■ **Collection entries**:
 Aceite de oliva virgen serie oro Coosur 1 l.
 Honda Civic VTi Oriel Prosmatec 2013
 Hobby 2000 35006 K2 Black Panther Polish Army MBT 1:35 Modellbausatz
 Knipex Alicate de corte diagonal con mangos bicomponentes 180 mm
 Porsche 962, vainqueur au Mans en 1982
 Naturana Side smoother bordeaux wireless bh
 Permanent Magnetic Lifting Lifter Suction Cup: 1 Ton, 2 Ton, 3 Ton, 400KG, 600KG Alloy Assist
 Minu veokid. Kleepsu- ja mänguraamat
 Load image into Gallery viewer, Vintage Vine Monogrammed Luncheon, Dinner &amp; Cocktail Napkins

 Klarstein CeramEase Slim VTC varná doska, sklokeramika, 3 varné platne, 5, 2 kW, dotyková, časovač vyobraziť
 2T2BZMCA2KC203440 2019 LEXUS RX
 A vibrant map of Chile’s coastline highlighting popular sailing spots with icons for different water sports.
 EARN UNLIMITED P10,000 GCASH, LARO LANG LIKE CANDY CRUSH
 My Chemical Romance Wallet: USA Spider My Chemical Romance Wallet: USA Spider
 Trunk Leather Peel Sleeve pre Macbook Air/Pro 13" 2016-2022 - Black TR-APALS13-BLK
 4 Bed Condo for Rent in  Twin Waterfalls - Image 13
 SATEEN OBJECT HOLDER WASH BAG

■ **Work request**: Look for the word "Black". Copy out every line of the data that has it.

■ **Exercise result**:
 Hobby 2000 35006 K2 Black Panther Polish Army MBT 1:35 Modellbausatz
 Trunk Leather Peel Sleeve pre Macbook Air/Pro 13" 2016-2022 - Black TR-APALS13-BLK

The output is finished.